The lines below starting at the line containing "Bruno Reis nega" and ending at the line containing "Getrouwd Stel Comfortabel" are to be repeated exactly, with both ends kept and nothing else added.

Crawled caption data:
◇ ◇ ◇ ◇ ◇
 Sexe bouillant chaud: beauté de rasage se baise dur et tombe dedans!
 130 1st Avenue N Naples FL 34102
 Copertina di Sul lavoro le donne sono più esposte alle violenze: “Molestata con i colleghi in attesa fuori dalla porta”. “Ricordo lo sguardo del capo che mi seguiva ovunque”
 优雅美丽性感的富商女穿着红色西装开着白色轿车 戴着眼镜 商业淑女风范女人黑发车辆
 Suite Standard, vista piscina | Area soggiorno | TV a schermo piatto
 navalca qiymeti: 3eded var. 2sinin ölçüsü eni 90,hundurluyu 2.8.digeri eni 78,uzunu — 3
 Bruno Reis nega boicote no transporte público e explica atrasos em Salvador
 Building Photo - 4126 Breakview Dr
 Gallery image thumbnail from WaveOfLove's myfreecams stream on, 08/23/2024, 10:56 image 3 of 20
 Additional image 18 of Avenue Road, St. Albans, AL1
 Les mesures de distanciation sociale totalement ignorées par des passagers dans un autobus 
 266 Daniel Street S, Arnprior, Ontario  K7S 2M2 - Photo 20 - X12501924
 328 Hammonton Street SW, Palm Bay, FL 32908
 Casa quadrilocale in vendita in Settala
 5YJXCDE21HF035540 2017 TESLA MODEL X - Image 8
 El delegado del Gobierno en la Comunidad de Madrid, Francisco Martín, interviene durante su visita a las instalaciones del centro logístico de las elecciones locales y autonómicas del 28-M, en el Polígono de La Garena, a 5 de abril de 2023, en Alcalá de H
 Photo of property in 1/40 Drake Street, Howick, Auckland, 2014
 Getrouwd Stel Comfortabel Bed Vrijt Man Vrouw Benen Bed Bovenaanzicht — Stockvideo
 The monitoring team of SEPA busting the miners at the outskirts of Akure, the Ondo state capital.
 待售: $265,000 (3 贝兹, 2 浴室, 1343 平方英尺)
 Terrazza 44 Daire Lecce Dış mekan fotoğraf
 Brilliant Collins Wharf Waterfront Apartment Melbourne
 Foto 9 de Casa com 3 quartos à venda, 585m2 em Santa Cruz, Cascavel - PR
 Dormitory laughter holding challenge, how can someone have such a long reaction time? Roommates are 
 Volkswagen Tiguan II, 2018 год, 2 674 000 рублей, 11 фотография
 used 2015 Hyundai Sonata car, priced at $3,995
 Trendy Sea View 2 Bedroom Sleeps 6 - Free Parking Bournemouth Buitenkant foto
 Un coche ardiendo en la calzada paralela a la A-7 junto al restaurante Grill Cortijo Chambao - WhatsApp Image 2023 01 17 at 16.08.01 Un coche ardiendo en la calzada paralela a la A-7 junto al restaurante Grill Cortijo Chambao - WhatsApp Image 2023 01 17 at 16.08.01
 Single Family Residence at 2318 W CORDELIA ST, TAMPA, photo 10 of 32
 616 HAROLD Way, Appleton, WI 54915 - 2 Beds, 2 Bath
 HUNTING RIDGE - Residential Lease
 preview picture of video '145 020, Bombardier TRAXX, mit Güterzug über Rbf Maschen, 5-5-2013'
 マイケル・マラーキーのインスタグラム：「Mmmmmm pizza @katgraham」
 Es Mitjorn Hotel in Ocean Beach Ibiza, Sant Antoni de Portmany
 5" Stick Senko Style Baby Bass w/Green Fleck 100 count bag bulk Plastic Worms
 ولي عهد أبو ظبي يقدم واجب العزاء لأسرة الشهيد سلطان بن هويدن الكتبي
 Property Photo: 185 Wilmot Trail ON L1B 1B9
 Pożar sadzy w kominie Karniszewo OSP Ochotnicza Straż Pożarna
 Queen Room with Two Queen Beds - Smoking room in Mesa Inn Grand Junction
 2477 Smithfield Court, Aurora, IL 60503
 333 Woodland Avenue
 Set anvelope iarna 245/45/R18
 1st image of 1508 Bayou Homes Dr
◇ ◇ ◇ ◇ ◇
Task answer:
 Bruno Reis nega boicote no transporte público e explica atrasos em Salvador
 Building Photo - 4126 Breakview Dr
 Gallery image thumbnail from WaveOfLove's myfreecams stream on, 08/23/2024, 10:56 image 3 of 20
 Additional image 18 of Avenue Road, St. Albans, AL1
 Les mesures de distanciation sociale totalement ignorées par des passagers dans un autobus 
 266 Daniel Street S, Arnprior, Ontario  K7S 2M2 - Photo 20 - X12501924
 328 Hammonton Street SW, Palm Bay, FL 32908
 Casa quadrilocale in vendita in Settala
 5YJXCDE21HF035540 2017 TESLA MODEL X - Image 8
 El delegado del Gobierno en la Comunidad de Madrid, Francisco Martín, interviene durante su visita a las instalaciones del centro logístico de las elecciones locales y autonómicas del 28-M, en el Polígono de La Garena, a 5 de abril de 2023, en Alcalá de H
 Photo of property in 1/40 Drake Street, Howick, Auckland, 2014
 Getrouwd Stel Comfortabel Bed Vrijt Man Vrouw Benen Bed Bovenaanzicht — Stockvideo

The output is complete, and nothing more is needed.